Eu égard à la conception de vie humaniste et intrinsèquement dualiste de Cox, il n’est pas surprenant qu’il choisisse comme sujet les personnages de Monastatos et de Papageno. Ces personnages sont les images miroirs l’un de l’autre et ont plus en commun qu’on ne pourrait le croire. Tout d’abord, ils sont tous deux des solitaires et perçus comme des étrangers dans leurs mondes respectifs, uniquement sur base de signes extérieurs. Monastatos est dérivé du grec mono-statos, ce qui équivaut à « solitaire », « isolé ». Dans l’opéra de Mozart, le Maure Monastatos est traditionnellement représenté comme un bandit malfaisant, une brute qui s’abandonne entièrement à ses pulsions libidineuses et comme l’assaillant de la merveilleuse Pamina qu’il est tenu de surveiller après son enlèvement, mais qu’il ose, contre toute décence sociale, convoiter et agresser.

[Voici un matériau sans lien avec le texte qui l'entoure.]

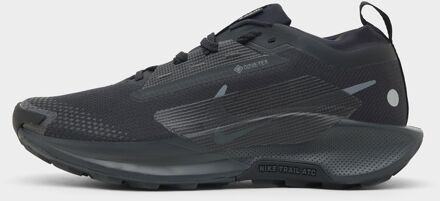Nike Pegasus Trail 5 GORE-TEX, zwart - 41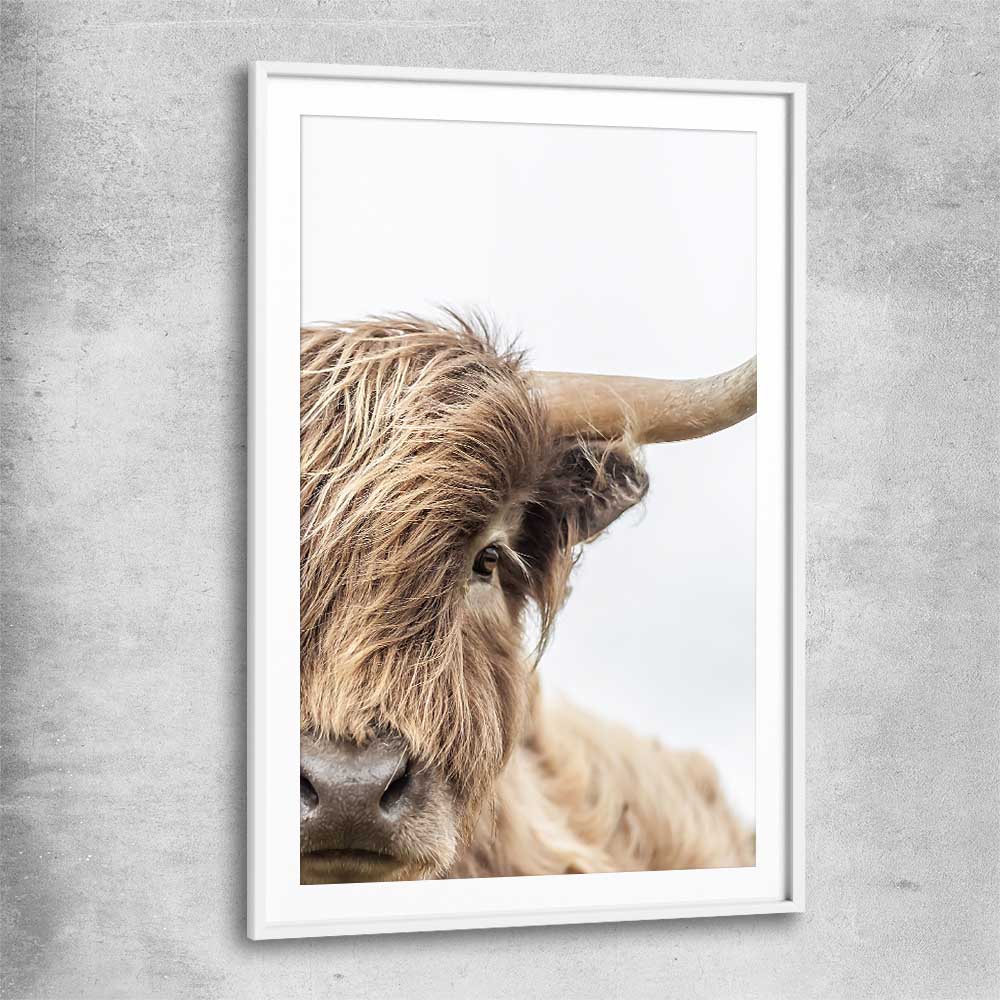 Animal wall art and canvas prints of Highland Graze with white glass front frame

Papageno en revanche – qui symbolise aussi l’animalité dans l’être humain – est un homme proche de la nature, joyeux, porté par des instincts primaires comme manger, boire, dormir et chercher une partenaire. Papageno se fond dans la nature, avec laquelle il vit en parfaite harmonie et de manière autonome. À cet égard, les deux personnages incarnent l’aspect plus charnel que spirituel de l’être humain. Ils agissent surtout sous l’impulsion d’instincts primaires et non pas selon la raison. Si Monastatos incarne plutôt les ténèbres et la force destructrice, Papageno représente la vitalité.

Aussi bien dans le tableau Monastatos que dans l’esquisse préparatoire, Cox évoque une atmosphère menaçante à travers un coloris d’enfer et un linéament agressif, alors que Papageno évoque plutôt le lyrisme et le caractère organique, enveloppé de l’innocence et de la sympathie d’un élan botanique.